Retained Recruitment: What are you scared of?

A couple of weeks ago I had a Twitter discussion with a well known NZ recruitment industry figure Jonathan Rice about selling retained versus contingent recruitment. Jonathan made the point that, “[many recruiters] provide an excellent service but are too scared to ask for some money up front, probably missing a trick somewhere there!”

It was immediately obvious to me then that many recruiters’ supposed inabilities to sell retained assignments is simply then a question of Mindset.

When I started my recruitment career almost 15 years ago, I was fortunate to work for a consulting company that only worked on retainers. In fact, it was some years before I even learned what a contingent assignment was. My mindset was therefore that you ONLY sold and worked on a retainer. Therefore that was the only solution we proposed to clients and the only one they bought.

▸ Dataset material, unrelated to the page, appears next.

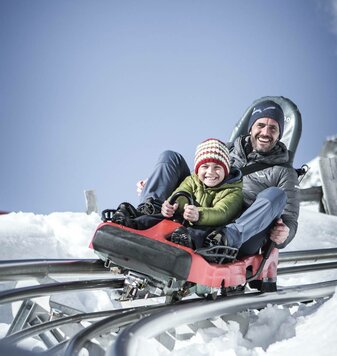 Skiurlaub Meran 2000 - Winterurlaub im Skihotel Südtirol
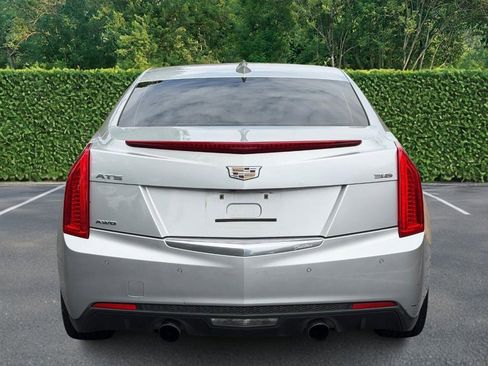 Used 2018 Cadillac ATS Premium Luxury AWD/4WD image 5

Many years later, this is the mindset that we have within the Mindset Group and it allows us to deliver quality retained sourcing and selection assignments to our clients.

Conversely, a recruiter who has the mindset that their clients will NEVER work on a retainer is doomed to live in contingency land forever. Consultants that have come to work for Mindset have learned that their previous contingent clients WILL pay retainers. They just have to sell the concept, demonstrate the value and ask for one!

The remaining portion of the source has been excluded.